Coordinates and projections

For this module, you’ll need the following packages:

  • sf
  • rgbif
  • rnaturalearth
  • rnaturalearthdata

At some point, you will plot spatial data and notice that something looks wrong. Layers don’t line up, points appear in the ocean, or your map looks oddly stretched. Nine times out of ten, the culprit is coordinate systems. This module explains what they are, why they matter, and how to fix the problems they cause.
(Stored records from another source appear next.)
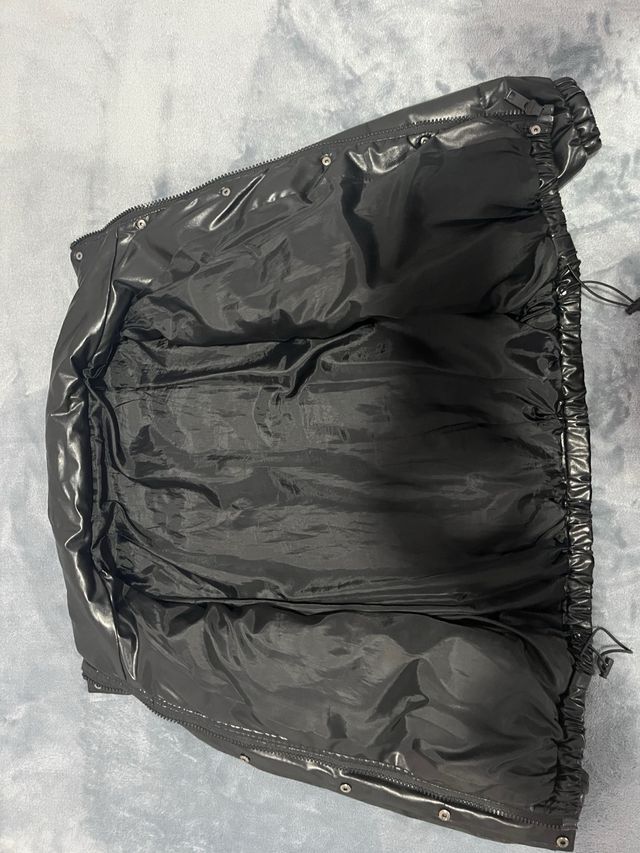 Chamarra de invierno negra brillante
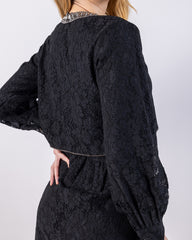 بلوزة قصيرة بتصميم مرسوم ومطرز عند خط العنق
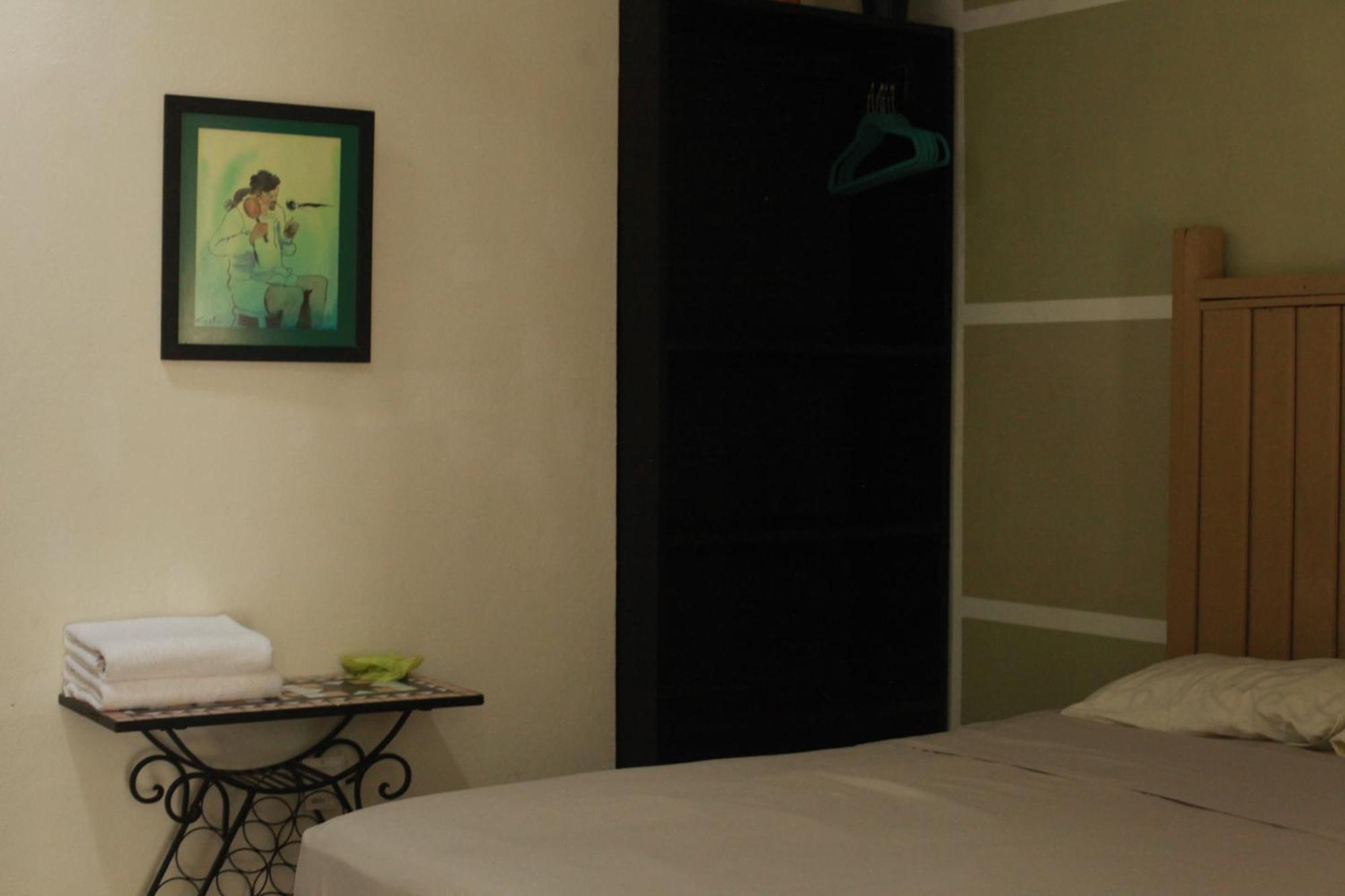 Bea And Hotel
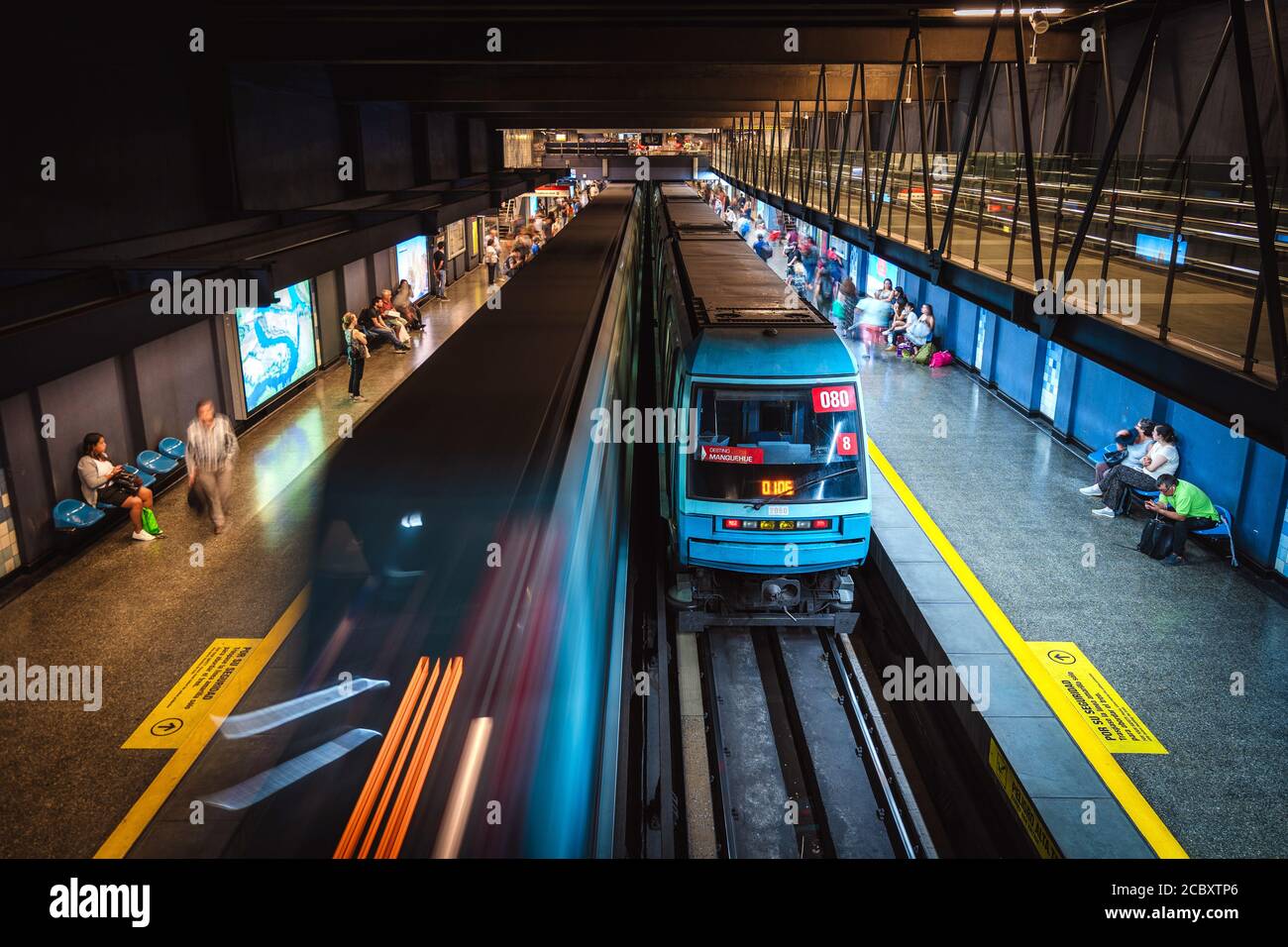 Persone e treni alla stazione ferroviaria metropolitana di Santiago, la capitale e la più grande città del Cile, Sud America. Foto Stock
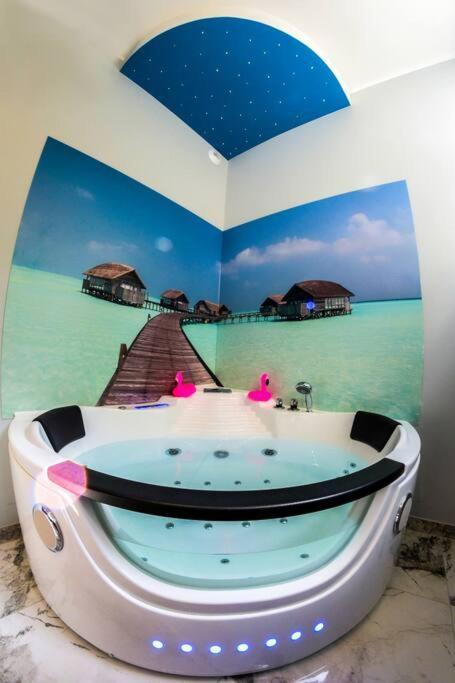 Apartment Hot Jacuzzi In Cracow *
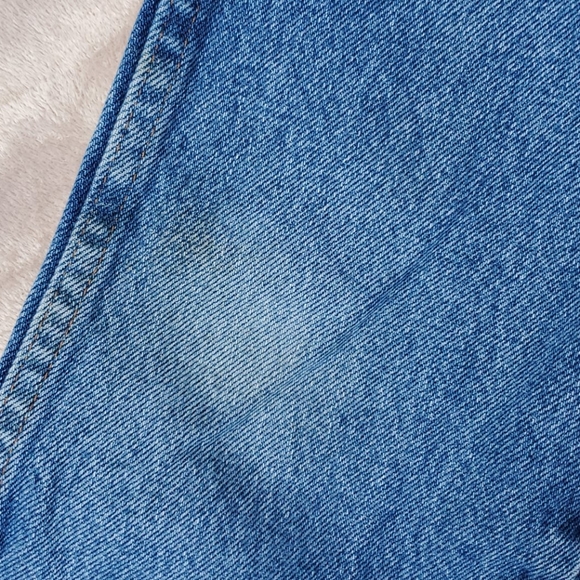 Classic Fit Jeans - Picture 3 of 3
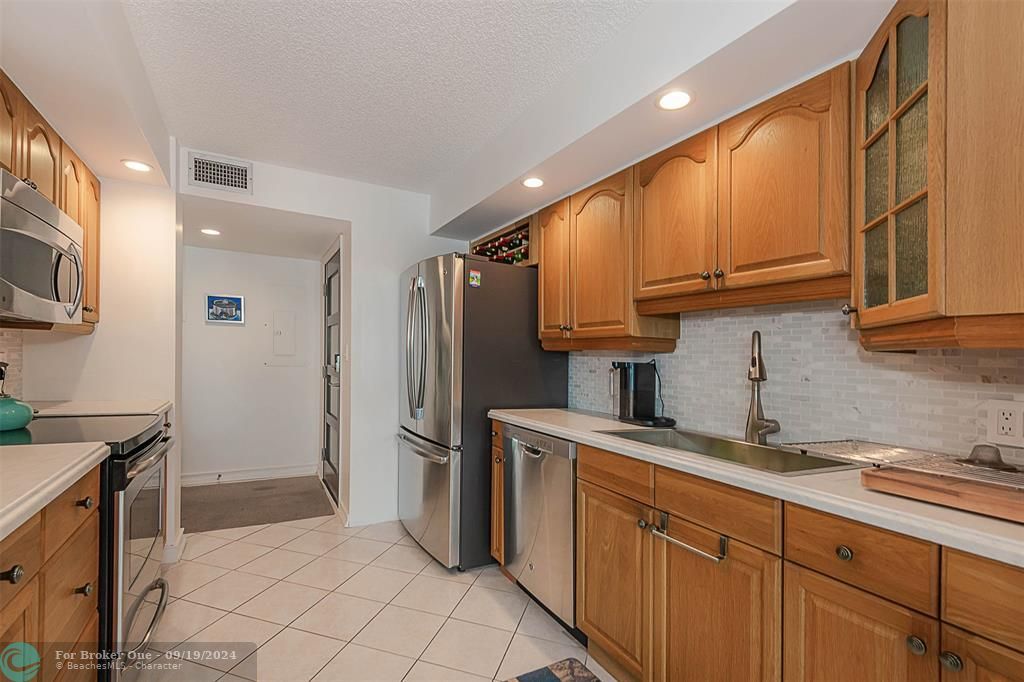 For Sale: $589,900 (2 beds, 2 baths, 1060 Square Feet)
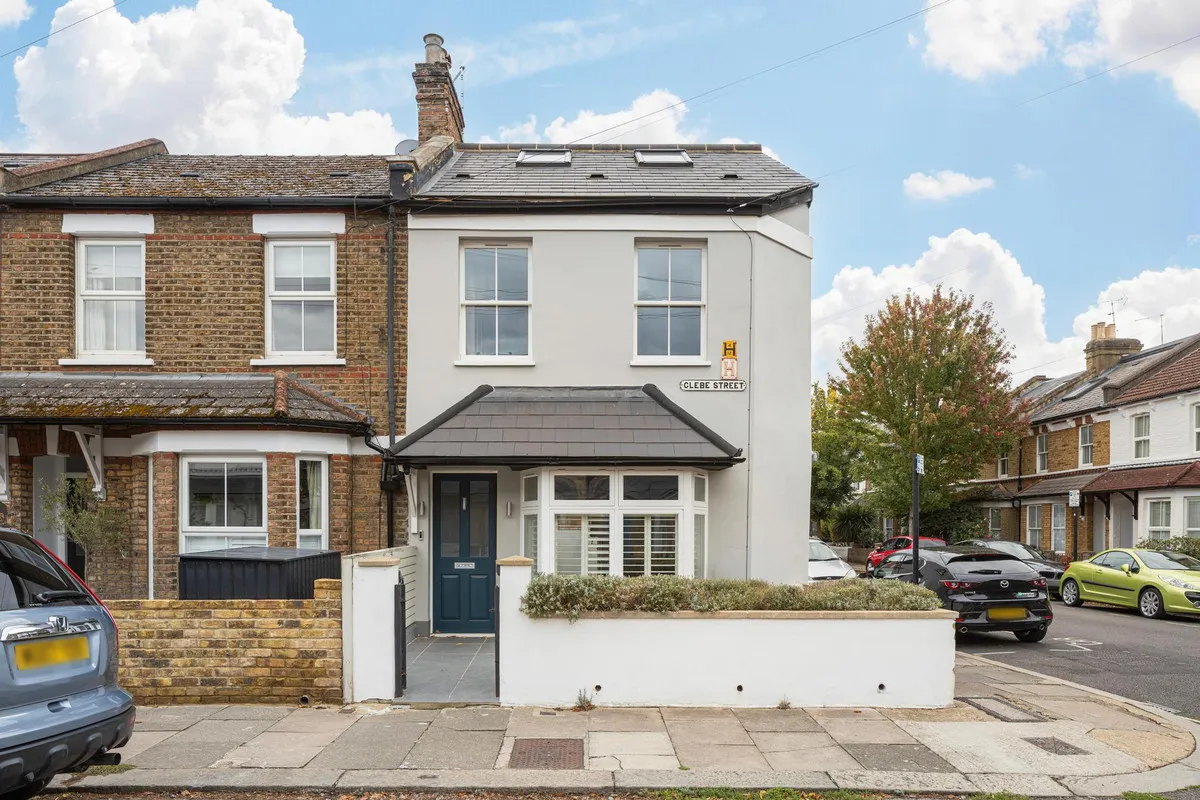 Glebe Street, London, W4, photo 13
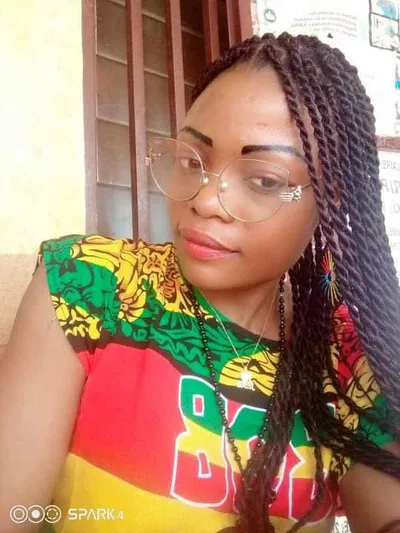 DORIANE AKENA SANTHIÈSE
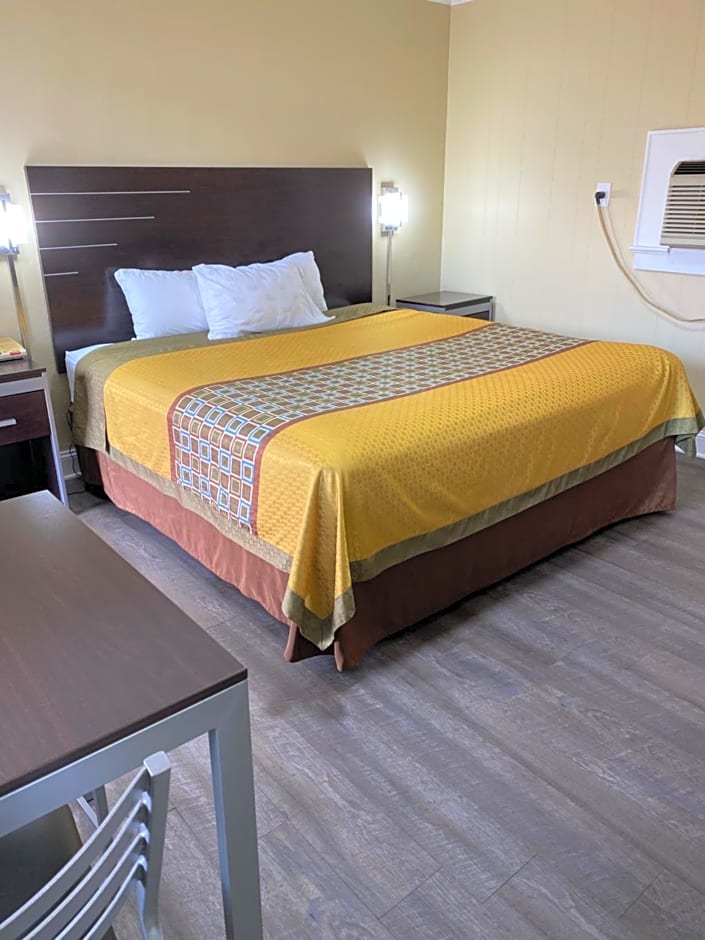Savannah Motel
The fundamental problem: Earth is not flat

This sounds obvious, but it has real consequences. The Earth is roughly spherical (technically an oblate spheroid), slightly squashed at the poles. Your screen is resolutely flat. Representing a curved surface in two dimensions always requires compromise, and that compromise is formalised through two related concepts:

Coordinate Reference Systems (CRS) define how locations on Earth are described. They are mathematical models of Earth’s shape and the framework for specifying positions on it.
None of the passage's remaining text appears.